## Directions for this task
Only the lines from the one containing "Weather symbols" to the end of the data should be copied, exactly and without pictures.

(Web page caption snippets)
---+---
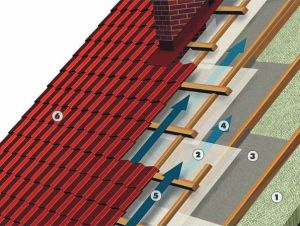 Schema di ventilazione a doppio circuito del tetto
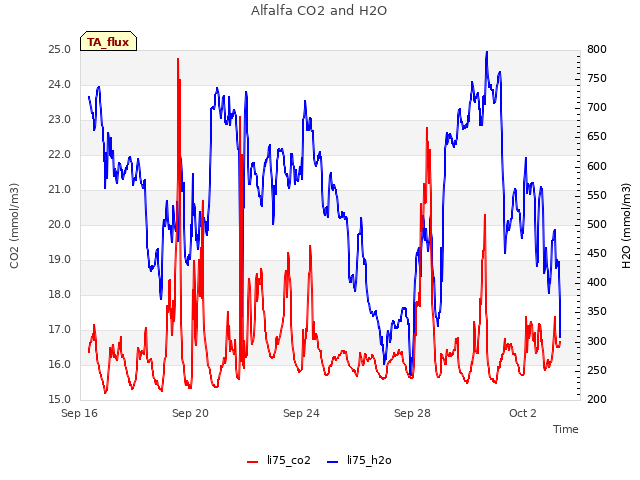 Explore the graph:Alfalfa CO2 and H2O in a new window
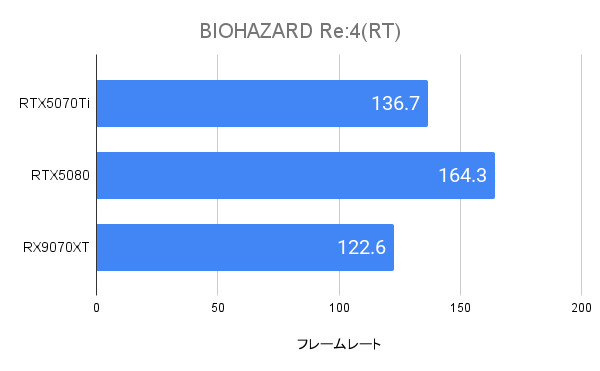 BIOHAZARD RE:4におけるRTX5070Tiのフレームレート(WQHD)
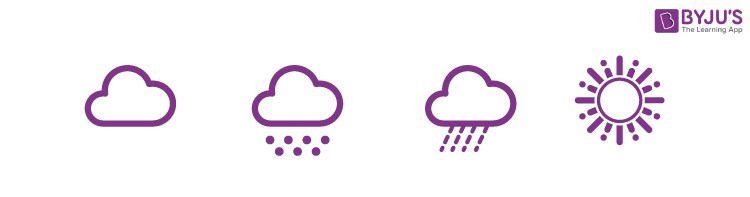 Weather symbols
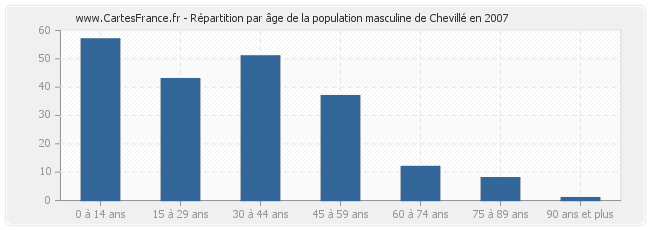 Répartition par âge de la population masculine de Chevillé en 2007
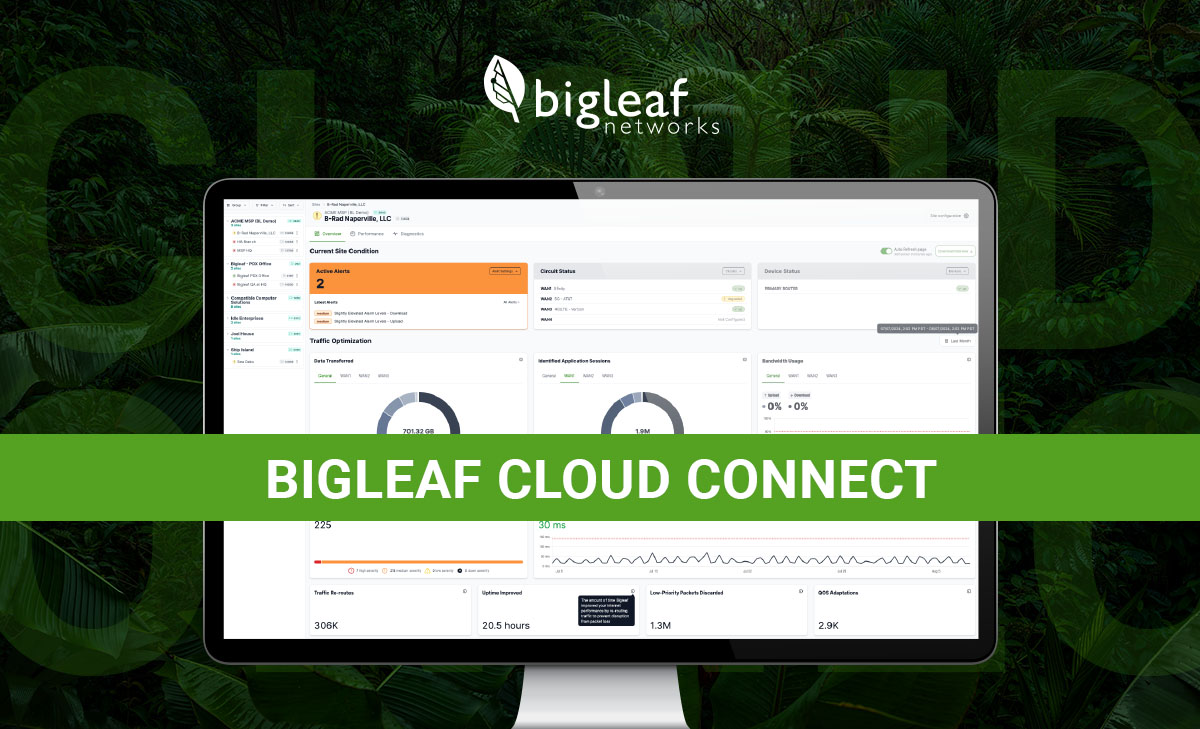 Bigleaf Cloud Connect dashboard appearing in a monitor frame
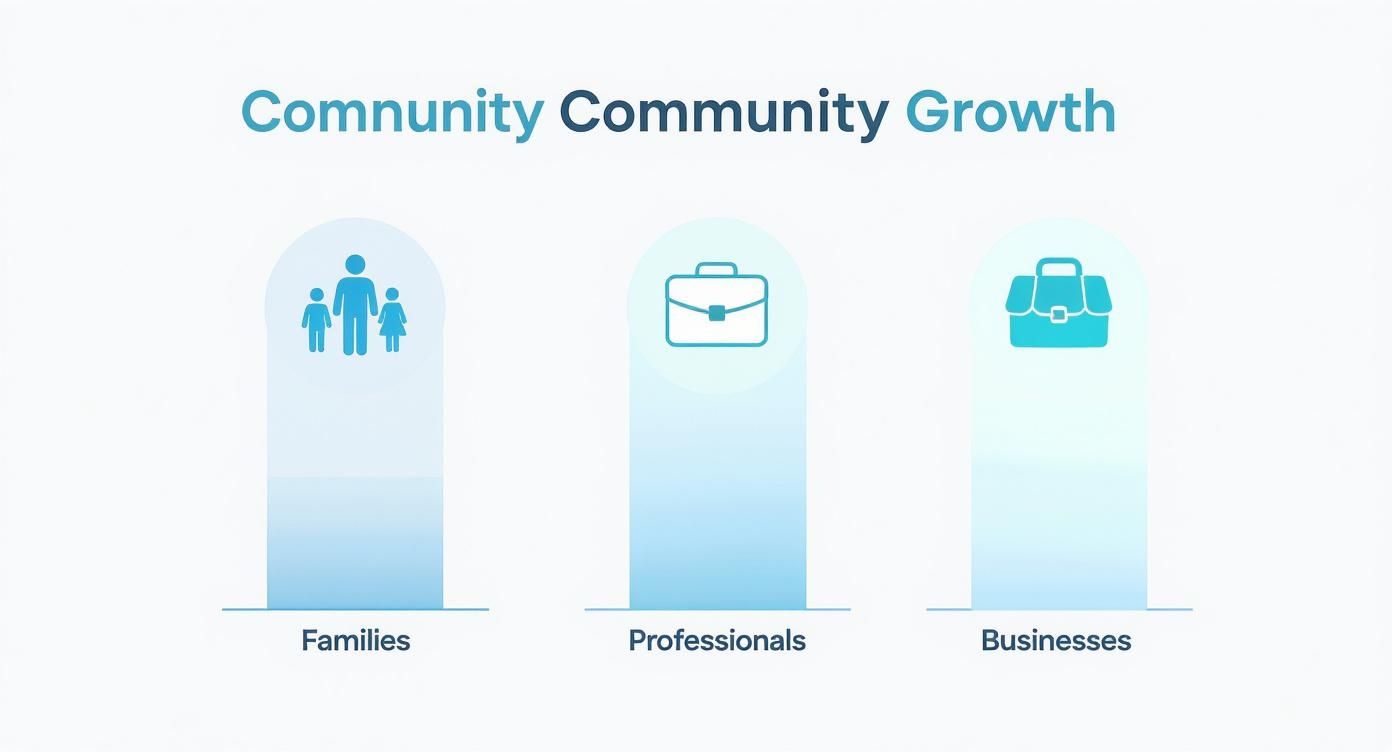 Infographic about mission village at the ponds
---+---
## Exercise result
 Weather symbols
 Répartition par âge de la population masculine de Chevillé en 2007
 Bigleaf Cloud Connect dashboard appearing in a monitor frame
 Infographic about mission village at the ponds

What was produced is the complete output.